Затем присяжный поверенный О. О. Грузенберг шаг за шагом разбирает инкриминируемые прокуратурою места произведения Толстого и, сопоставляя их с соответственными выдержками из трудов вел. князя Николая Михайловича и проф. Шильдера, доказывает полную правдивость и историческую их точность. Останавливаясь на наиболее опасном пункте обвинения, а именно на словах Л. Н. Толстого: «Людям, не имевшим несчастья родиться в царской семье, трудно представить себе всю ту извращенность взгляда на людей» и т. д., защитник объясняет, что здесь имеется в виду не раз навсегда установленные неизменные условия воспитания в России, а лишь те условия воспитания в России, которые царили в конце XVIII века при дворах Екатерины II и Павла. Путем исторических справок защитник доказывает, что условия эти должны были выработать в воспитанниках полное неуважение к человеческой личности и достоинству.

— И если можно простить обвинительной власти все ее ошибки и отклонения от текста Толстого, обусловившие целый ряд неосновательных обвинений, то нельзя без боли и досады пройти мимо полного извращения одной из глубочайших мыслей Толстого «о желаниях царей», столь же бессильных, суетных и тщетных, как и всякое человеческое желание. Описав вечные желания Александра I, его желания победы над Наполеоном, желания видеть Европу преклоненной, Толстой говорит: «И мне пришло в голову, что если вся жизнь в зарождении желаний и радость жизни в исполнении их, то нет ли такого желания, которое свойственно бы было человеку, всякому человеку, всегда, и всегда исполнялось бы, или скорее приближалось к исполнению.

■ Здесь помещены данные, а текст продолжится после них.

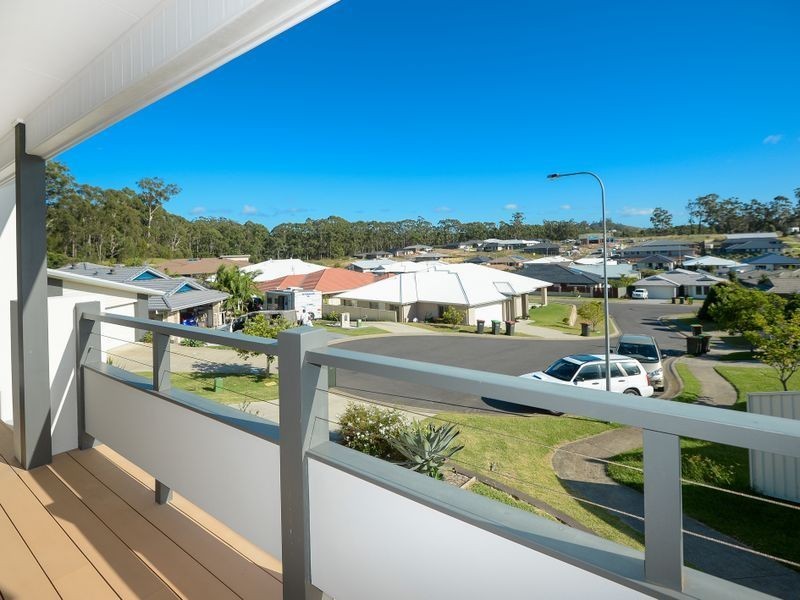 7 Outrigger Place, Safety Beach NSW 2456
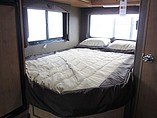 2015 Thor Motor Coach Freedom Elite Photo #3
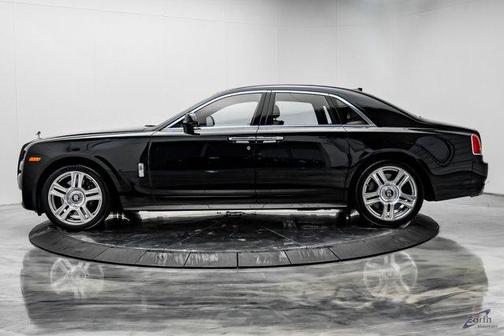 2017 Rolls-Royce Ghost Sedan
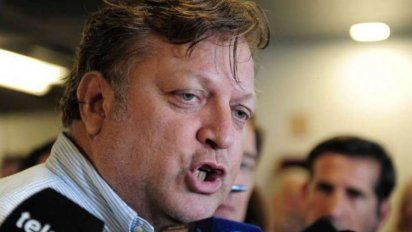 Empoderado, Biró arremetió: 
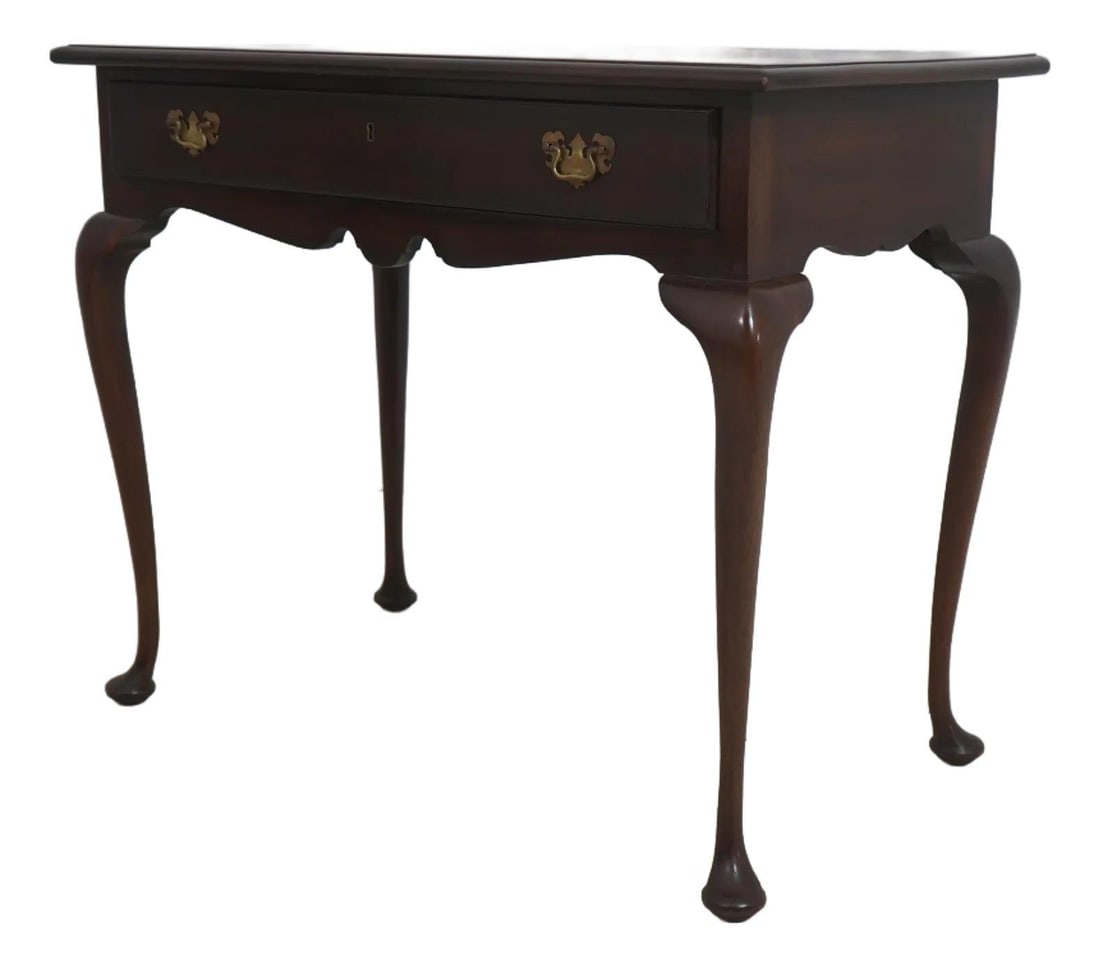 Mahogany Queen Anne Style Dressing Table With Single Drawer: Mahogany Queen Anne Style Dressing Table With Single Drawer This dressing table features high-quality mahogany construction with Old Dominion dovetailed drawer construction, solid brass hardware, and 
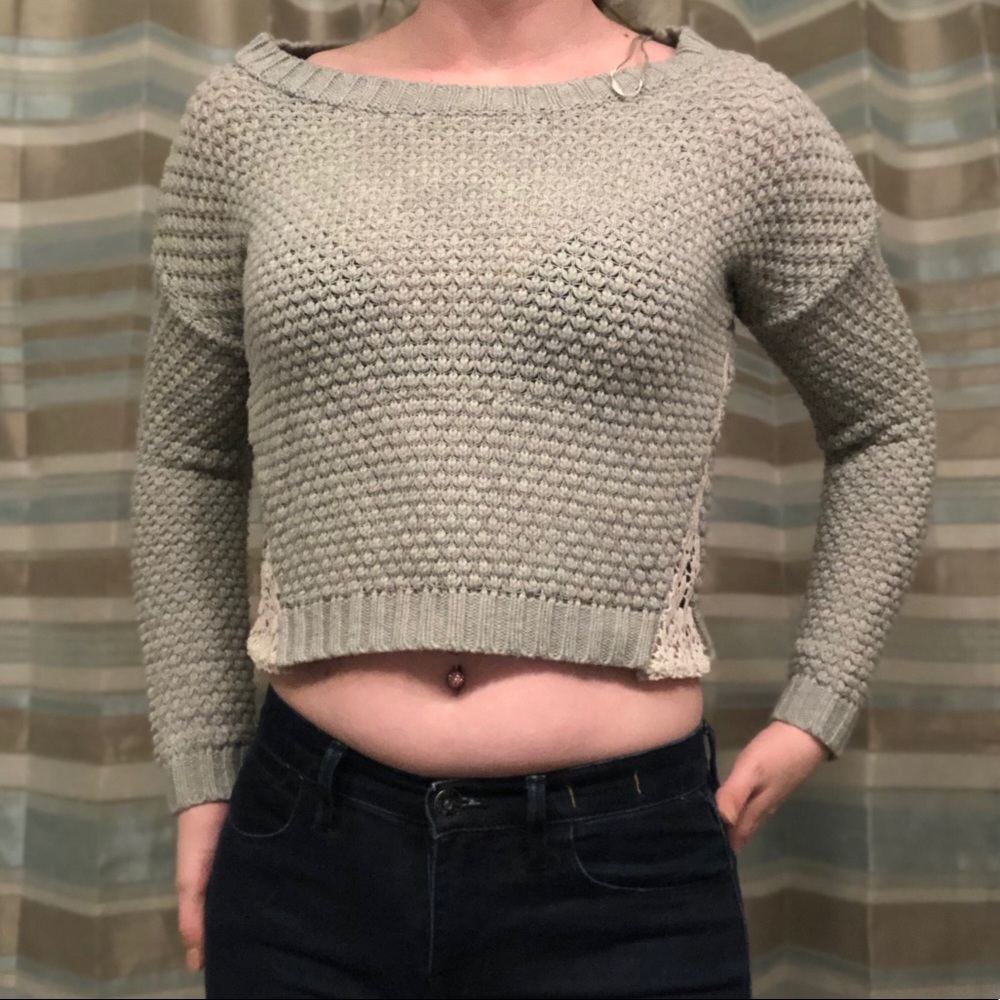 Crop top sweater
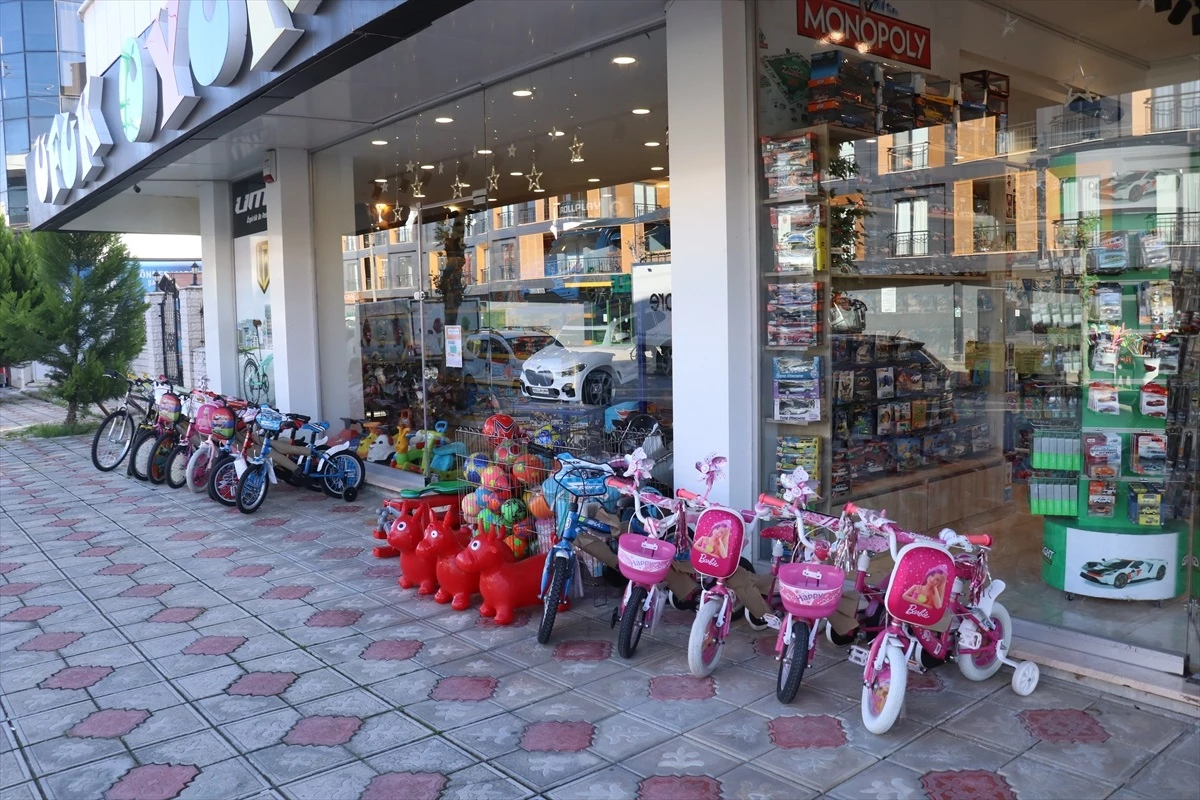 Yalova\'da Oyuncak Mağazasının Önündeki Bisiklet Hırsızı Yakalandı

И мне ясно стало, что это было бы так для человека, который желал бы смерти. Вся жизнь его была бы приближением к исполнению этого желания, и желание это наверное исполнилось бы». И вот это единое не обманывающее человека желание, о котором так давно и долго думал Толстой, прокуратура сводит к какой-то политической бутаде. Неужели прокуратура не знает дивных слов Толстого в письме от 2 сентября 1907 года к вел. князю Николаю Михайловичу? Благодаря его за присылку исторических его трудов об Александре, Лев Николаевич писал: «Пускай исторически доказана невозможность соединения личности Александра и Кузьмича, — легенда останется во всей своей красоте и истинности. Я начал было писать на эту тему, но едва ли не только кончу, но едва ли удосужусь продолжать. Некогда, надо укладываться к предстоящему переходу. А очень жалею: прелестный образ». И к этой пленительной легенде, легенде искупления царем своего греха ценою самоотречения и покаяния, решаются подойти с уголовным уложением и карою… Так и хочется сказать г. прокурору в ответ на обвинение словами Акима из «Власти тьмы»: «Тут, тае, божье дело идет, кается человек, значит… А ты, тае, ахту»… то есть в данном случае — «обвинительную ахту»…

Обвиняемый В. Г. Короленко просит позволения прибавить к тому, что сказал его уважаемый защитник, несколько соображений, с точки зрения литератора и редактора журнала.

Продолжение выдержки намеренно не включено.